BY: Jessica Jones-Gorman. After years of observing the technology boom from afar, monitoring the progress of Silicon Valley as well as all of its apps and innovation, the faculty and administration at the College of Staten Island decided to actively participate in the nation’s digital revolution.
“Technology is such a predominate, booming sector in all of the outer boroughs, but did not have much representation here in Staten Island,” noted Jasmine Cardona, director of CSI’s Tech Incubator Program, a year-old venture that has had great success in fostering a community of tech innovators. “So we created this hub that serves multiple economic development initiatives. We are focused on helping small tech startups find the platform and resources that they need to succeed, and we are also concentrating on building and scaling these companies which be of great benefit to our community.”

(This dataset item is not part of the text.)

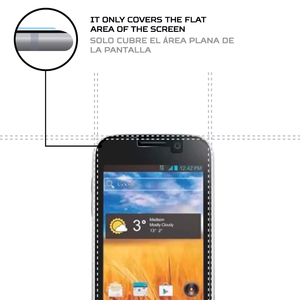 ฟิล์มกันรอยหน้าจอ ANTISHOCK สำหรับอุปกรณ์เสริมมือถือ ZTE Imperial Premium - Product Image 3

The Tech Incubator, which will head into its third cycle this fall, serves a two-fold purpose: In addition to being a resource for the borough’s local talent, the program also aims at attracting a new generation of entrepreneurs to Staten Island, in turn fostering a vibrant technological ecosystem, creating jobs and bringing an overall economic vitality to the community.
“We want to be an access point to attract talent to the borough,” Cardona said. “And being located in St. George, we are really tapping into the Borough President’s mission of creating this tech corridor, putting a stake in the ground and building a sort of frontier here on the North Shore where our companies can easily connect to the resources of the city.”
Companies from all over the world are welcome to apply, but the startup must be beyond the idea phase and ready for launch.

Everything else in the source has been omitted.